According to another embodiment of the present disclosure, a moving object or vehicle 1000 including the lamp control system 10 described above is proposed.

The present disclosure has the following effects.

The present disclosure provides control of a turn signal lamp based on driving information of a moving object, thereby not requiring a user or driver to operate a multi-function switch, and may notify surrounding vehicles of a lane change or lane departure of the moving object.

The effect of the present disclosure is not limited to the effect described above. Other effects not described above may be understood by those skilled in the art from the description of the present disclosure below.

In the above specification, the “system” for controlling a turn signal lamp or each component included therein is described as performing control, but the “device”, “system” and the components included therein are only names and the scope of rights is not dependent on thereon.

In other words, the proposed technology of the present disclosure may be performed by devices having names other than the processor, controller, etc. In addition, the method, scheme, or the like described above may be performed by software or code readable by a computer or other machine or device for lamp control.

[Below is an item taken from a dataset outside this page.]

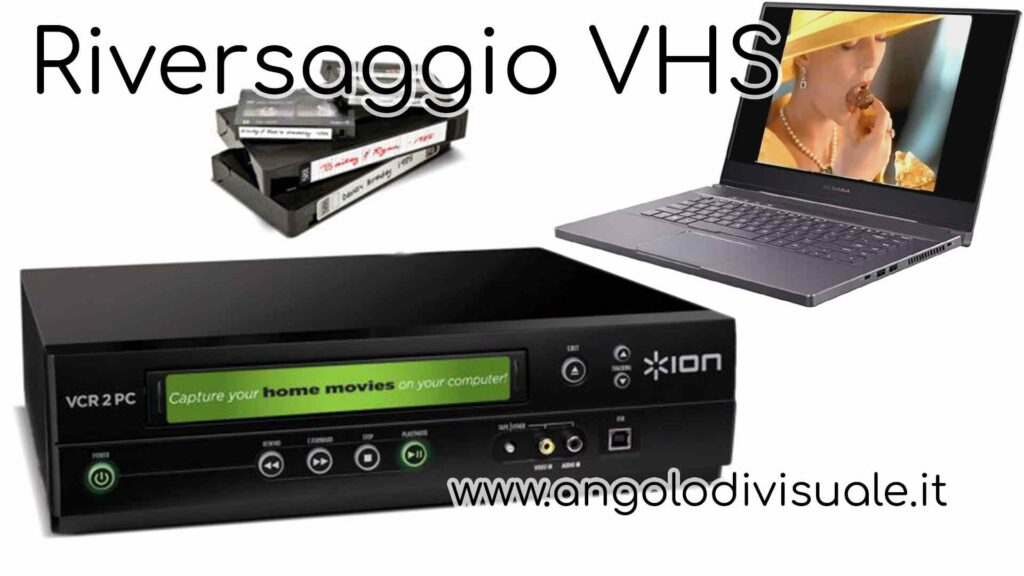 Cassetta VHS in scanner professionale a Benevento come riversare dal formato cassette VHS su file, dvd, digitalizzazione su penna USB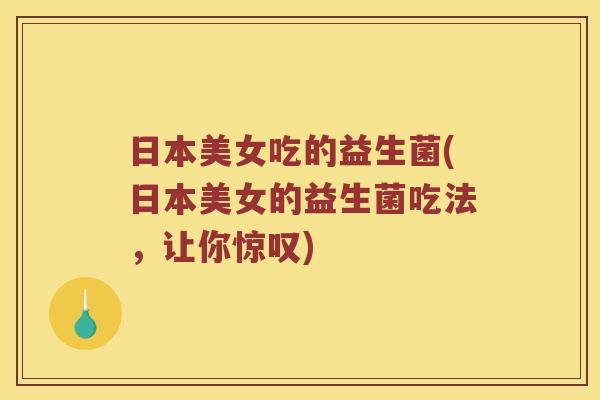 日本美女吃的益生菌(日本美女的益生菌吃法，让你惊叹)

In addition, as another aspect of the present disclosure, the operation of the proposed technology described above may be provided as code that may be implemented, realized, or executed by a “computer” (a generic concept including a system on chip (SoC) or a (micro) processor) or a computer-readable storage medium, a computer program product, or the like storing or containing the code. The scope of the present disclosure is extendable to the code or the computer-readable storage medium or the computer program product storing or containing the code.

Detailed descriptions of preferred embodiments of the present disclosure disclosed as described above have been provided such that those skilled in the art may implement and realize the present disclosure.

Although the present disclosure has been described above with reference to preferred embodiments, those skilled in the art will understand that various modifications and changes can be made to the present disclosure set forth in the claims below.

Accordingly, the present disclosure is not intended to be limited to the embodiments shown herein but is to be accorded the widest scope consistent with the principles and novel features disclosed herein.

It will be apparent to those skilled in the art that various modifications and variations can be made in the present disclosure without departing from the teaching or scope of the disclosures. Thus, it is intended that the present disclosure covers the modifications and variations of this disclosure provided they come within the scope of the appended claims and their equivalents.